_Exercise aim_
Nothing but the lines below from the one containing "AVENA SATIVA Dilution D2, 20 ml" through the one containing "Loop Dungeon: Idle RPG captura 1" should appear in the answer, exact and without pictures.

_The input_
══════

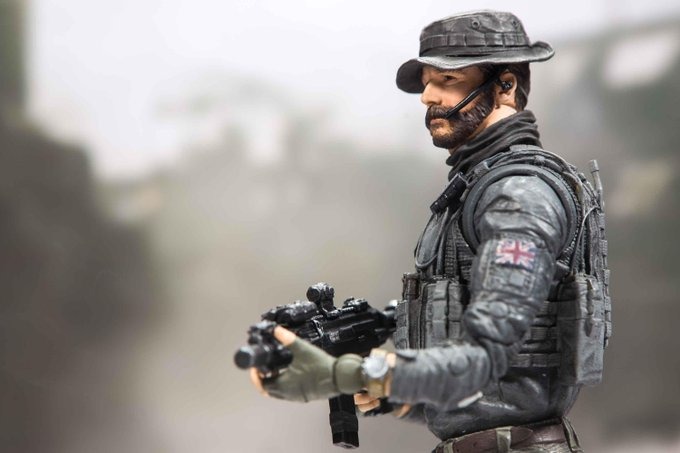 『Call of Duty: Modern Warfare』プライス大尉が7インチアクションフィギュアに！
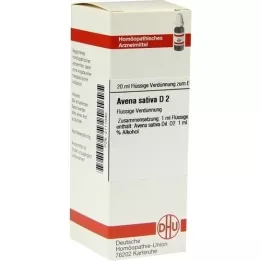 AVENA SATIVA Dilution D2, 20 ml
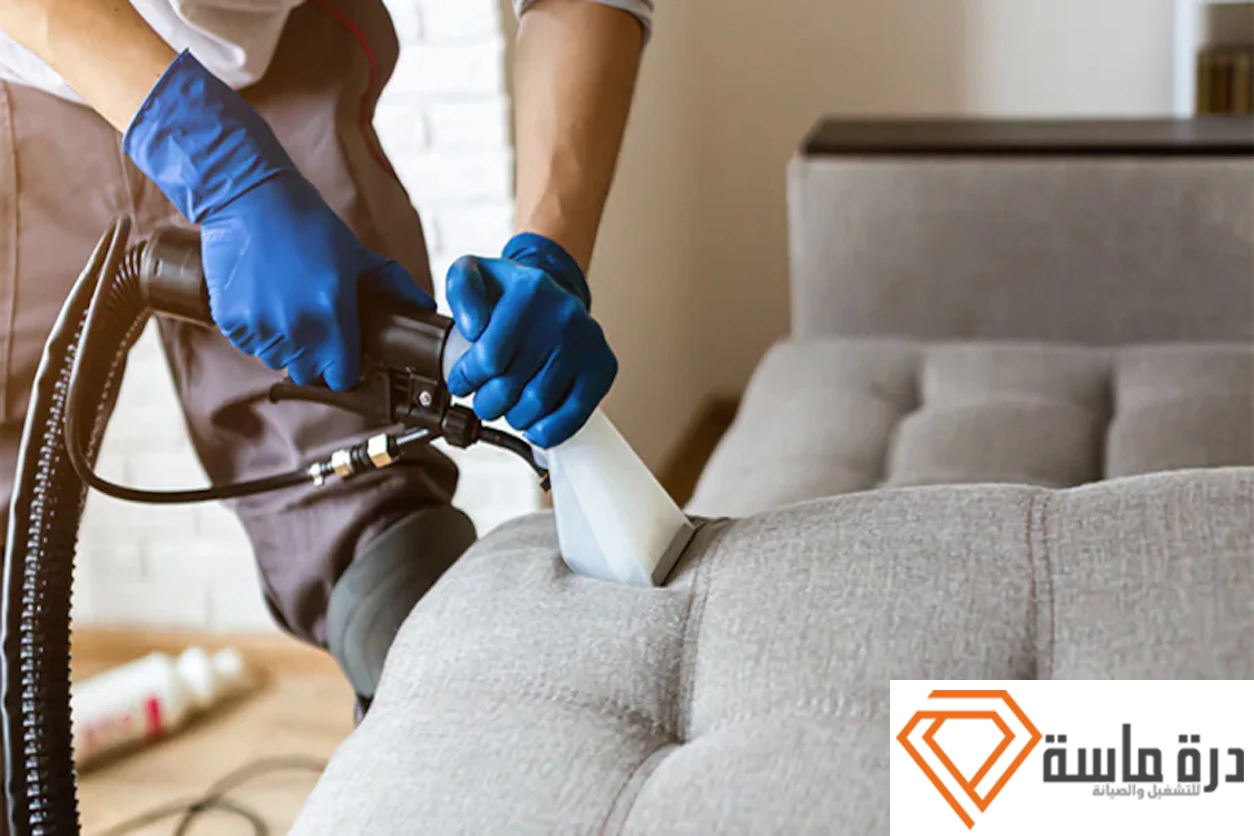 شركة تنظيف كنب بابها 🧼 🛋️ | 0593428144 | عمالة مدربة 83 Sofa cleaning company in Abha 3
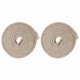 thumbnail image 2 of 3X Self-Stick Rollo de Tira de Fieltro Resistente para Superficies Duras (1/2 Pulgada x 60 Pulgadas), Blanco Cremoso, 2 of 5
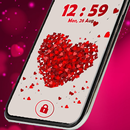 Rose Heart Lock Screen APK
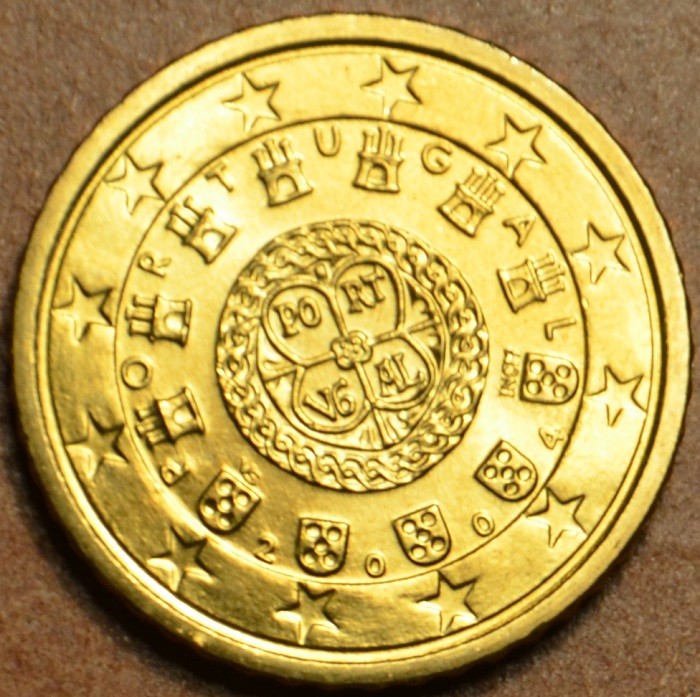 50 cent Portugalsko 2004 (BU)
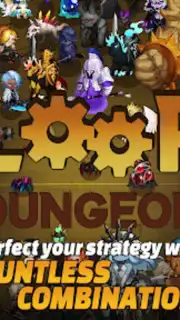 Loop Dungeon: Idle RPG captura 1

══════

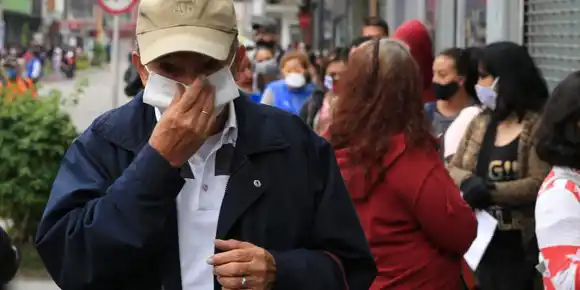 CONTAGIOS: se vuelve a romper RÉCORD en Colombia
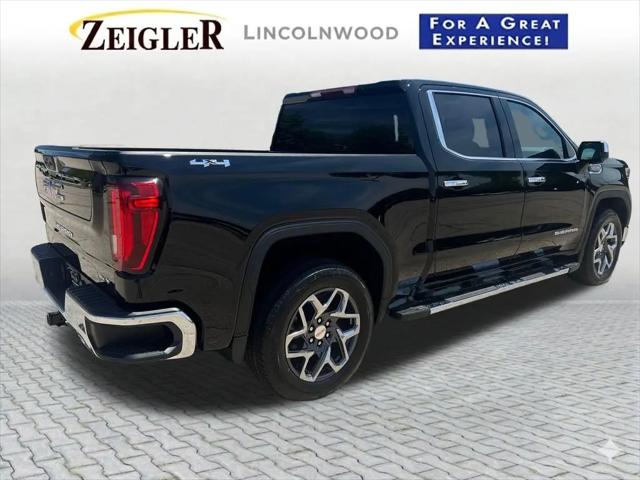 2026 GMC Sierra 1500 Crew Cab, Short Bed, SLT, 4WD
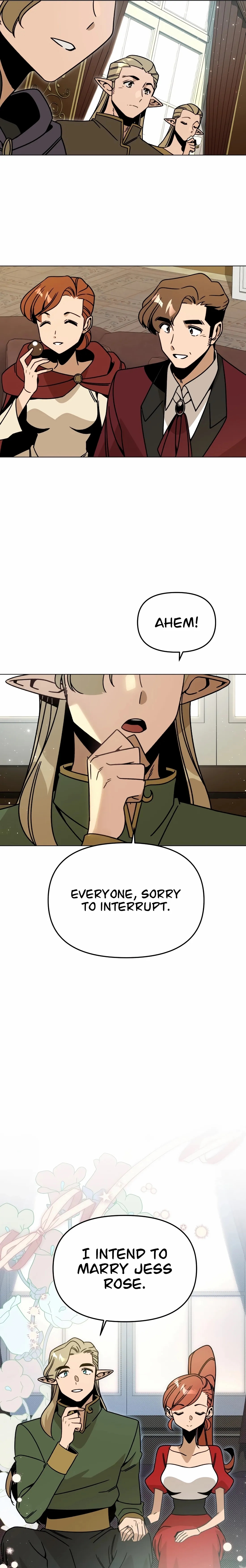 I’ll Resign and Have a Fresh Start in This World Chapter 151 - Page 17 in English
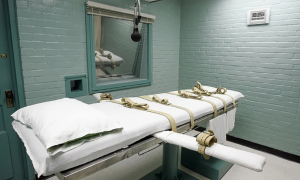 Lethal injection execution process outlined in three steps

══════

_Result for this exercise_
 AVENA SATIVA Dilution D2, 20 ml
 شركة تنظيف كنب بابها 🧼 🛋️ | 0593428144 | عمالة مدربة 83 Sofa cleaning company in Abha 3
 thumbnail image 2 of 3X Self-Stick Rollo de Tira de Fieltro Resistente para Superficies Duras (1/2 Pulgada x 60 Pulgadas), Blanco Cremoso, 2 of 5
 Rose Heart Lock Screen APK
 50 cent Portugalsko 2004 (BU)
 Loop Dungeon: Idle RPG captura 1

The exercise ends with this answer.